VANCOUVER EASTSIDE MISSING WOMEN
600 suspects in missing women case
Families encouraged after meeting with investigators
Monday, October 15, 2001
R.C.M.P. and Vancouver police officers investigating the disappearance of women from the Downtown Eastside have a list of more than 600 potential suspects.
Sergeant Wayne Clary said each suspect represents a potential lead that will have to be followed up by investigators on a case that has become a mammoth undertaking for police.
He also said the joint team of police is still considering adding more names to the list of the missing women who were involved in drugs and the sex trade.
The Vancouver Sun reported last month that the number of missing women linked to the case could reach 45.
Investigators have yet to uncover any evidence that would prove that a serial killer is at work, Clary said.
"I would say it has to be a possibility. But we don't want to limit our focus."
He made the comments Sunday at the Delta Vancouver Airport Hotel in Richmond, where police held a four-hour meeting with relatives of the missing women. Family members who attended said that about 50 relatives and 10 police officers took part.
Reporters were barred from the meeting, but relatives said later that investigators introduced themselves and briefed the families on the work accomplished to date.
Ernie Crey, whose sister Dawn Crey is among the missing, said later that he was encouraged by what he heard.
"Where I was concerned was: First, is this a serious investigation? Are the two police forces working together? And are these folks really going to do a good investigation?
"And I left reassured, for now, that that seems to be the case, that it's going to happen, that they're going to do a good job."
Crey said he was impressed by the experience of the investigators on team, and by the patience they displayed in the face of anger and frustration expressed by family members.
"I think the job of the politicians in the province. . . is to lend as much support as they can to both the families and, of course, to this investigative team so that they can do a good job -- that they have the resources that are required to do it," Crey said.
A series of Sun stories last month found the original investigation by Vancouver city police was hampered by a lack of resources, inexperience and infighting among detectives.
The investigation eventually stalled, and Vancouver police joined forces with the RCMP earlier this year to review the missing files, as well as all murders, attempted murders and assaults of women in the sex trade across the province.
A team of 16 investigators is currently working on the case.

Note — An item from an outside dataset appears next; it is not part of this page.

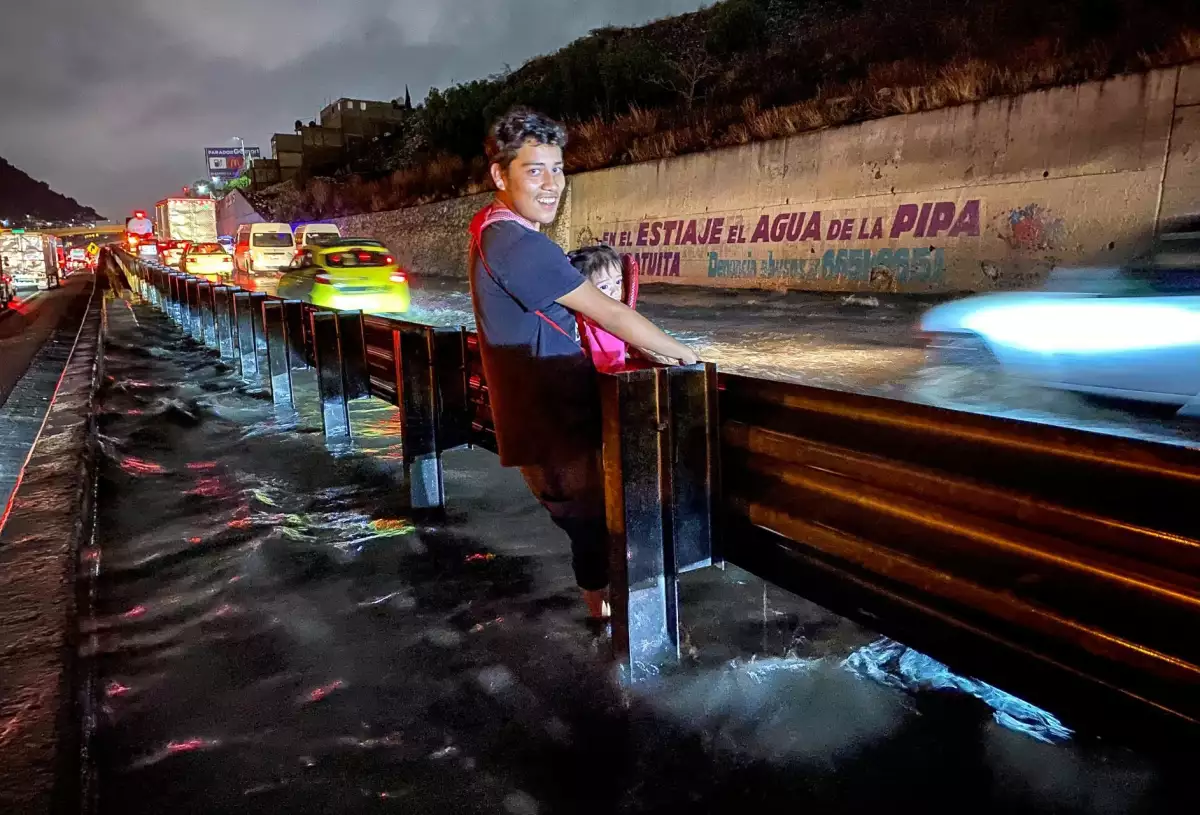 Padre cruza con su niña en pecho, una de las zonas más afectadas por las lluvias.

Maggie deVries, whose sister Sarah deVries is among the missing, also left the meeting Sunday feeling more positive.
"I believed them that they are going to do everything they can to find the person or persons responsible for the murders of the missing women and to find out what happened to the women and where their bodies are," she said.

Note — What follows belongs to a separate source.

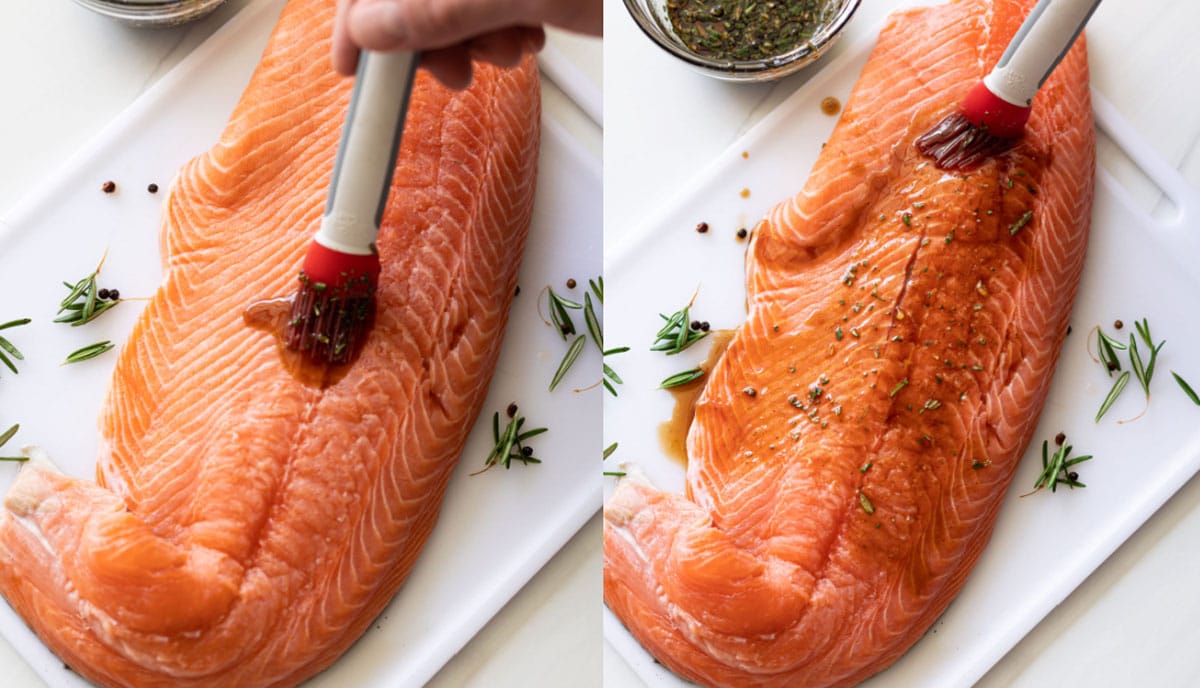 Person basting glaze on top of salmon.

"It's encouraging that they are, truly, all of them working full time on this case only. And that was never the case before. It was all bits and pieces. They made it look like it was a whole bunch of them."
But deVries said she was also discouraged by the amount of time that has passed since her sister went missing in 1998 and by the overwhelming task now facing police.
She said police are evidently look at a large number of potential suspects. "They bandied around different numbers, but they were all huge. They were all far too big to have very much meaning.
"It's horrifying to think that there could be that many men out there that they [police] could think could do such a thing. It just shows how many horrible, dangerous people there are wandering around the streets."
DeVries said the case seems so difficult that "it's hard for me to imagine that they would actually find out what happened. But, hopefully, I'm wrong."
DeVries said a lot of the questions from relatives at the meeting focused on what police are doing to identify new missing women cases more quickly and to keep other women safe.
"I can't really speak for [the police], but I think they may have been a little surprised that so much of our focus -- even though our loved ones are already gone -- is not on finding out what happened to them, but is on what are you doing to stop the horrors that happened to us and our loved ones from happening to other Downtown Eastside women and their families."
DeVries also said that much of the relatives' anger was directed at Vancouver city police for its original investigation, but the new team was unable to respond to much of that criticism.
"They had to take a lot of anger," deVries said. "They did a pretty good job of just standing up there and taking it.
"They didn't get defensive or anything, because they just can't expect people to be willing to go, 'Okay, let's just forget about all that and we'll start fresh now.'"
She also said the investigators seemed prepared to share and be more open about the case, and were not simply attempting to placate the families.
"I was afraid that it was going to feel today like being patted on the head. . . but I didn't really feel that," she said.
Clary said police plan to meet with the families on a regular basis.
"In any investigation of a serious nature like this, there needs to be contact with the families," he said.